* _Task brief_
Every entry below should be repeated exactly; the pictures should not.

*** Task data ***

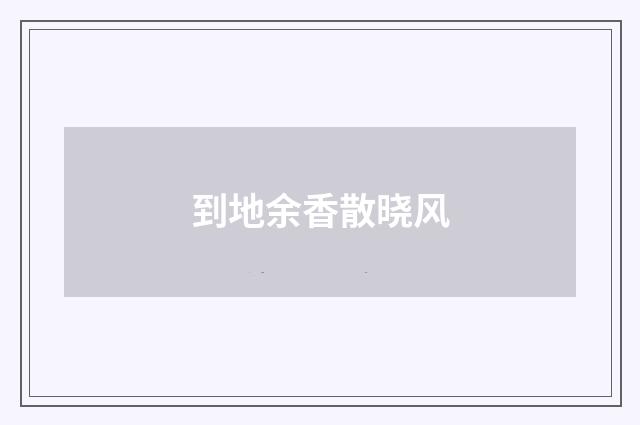 到地余香散晓风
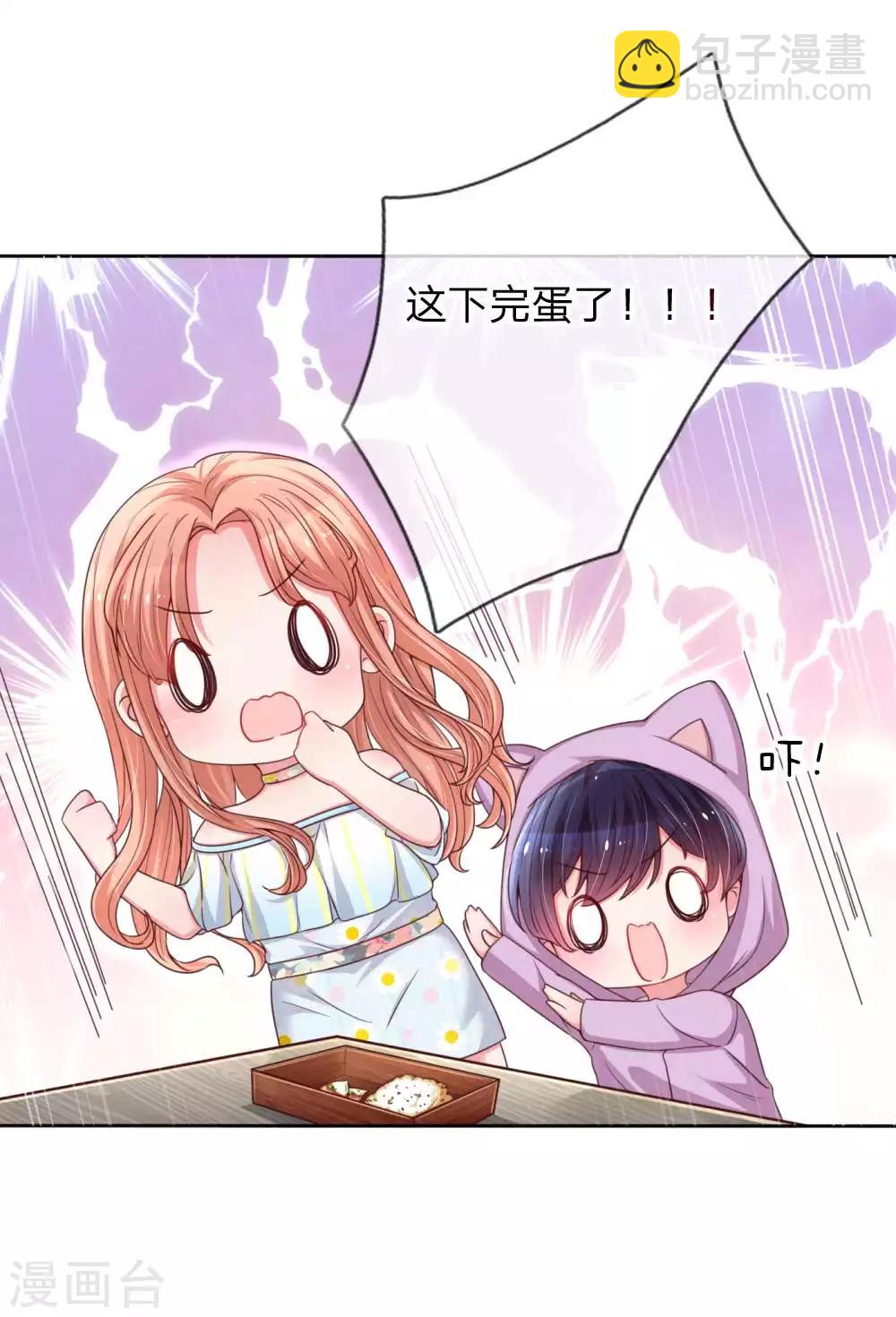 🍟妈咪快跑：爹地追来了 第45话 这下完蛋了！ 第7页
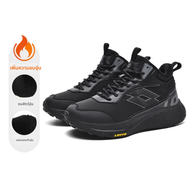 Lotto | รองเท้าบูทปีนเขาสำหรับผู้ชายกันน้ำ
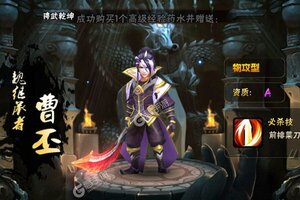 下载最新版《征程三国》 磨刀霍霍向新服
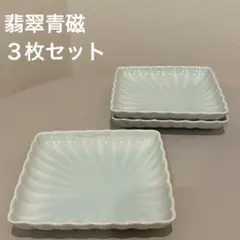 Item thumbnail for item f00e19e5-74ce-4dfa-85fb-2721f0b09aa8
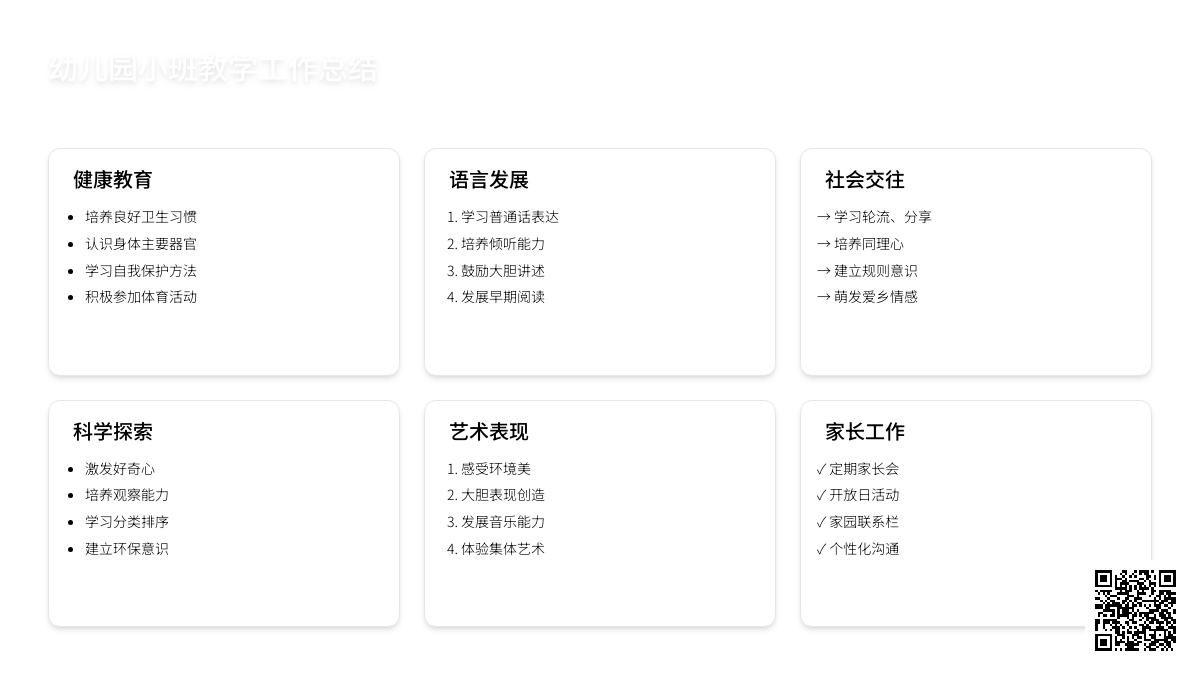 关于幼儿园小班教学工作总结集锦8篇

*** End of Task data ***

* _Solution for this task_
 到地余香散晓风
 🍟妈咪快跑：爹地追来了 第45话 这下完蛋了！ 第7页
 Lotto | รองเท้าบูทปีนเขาสำหรับผู้ชายกันน้ำ
 下载最新版《征程三国》 磨刀霍霍向新服
 Item thumbnail for item f00e19e5-74ce-4dfa-85fb-2721f0b09aa8
 关于幼儿园小班教学工作总结集锦8篇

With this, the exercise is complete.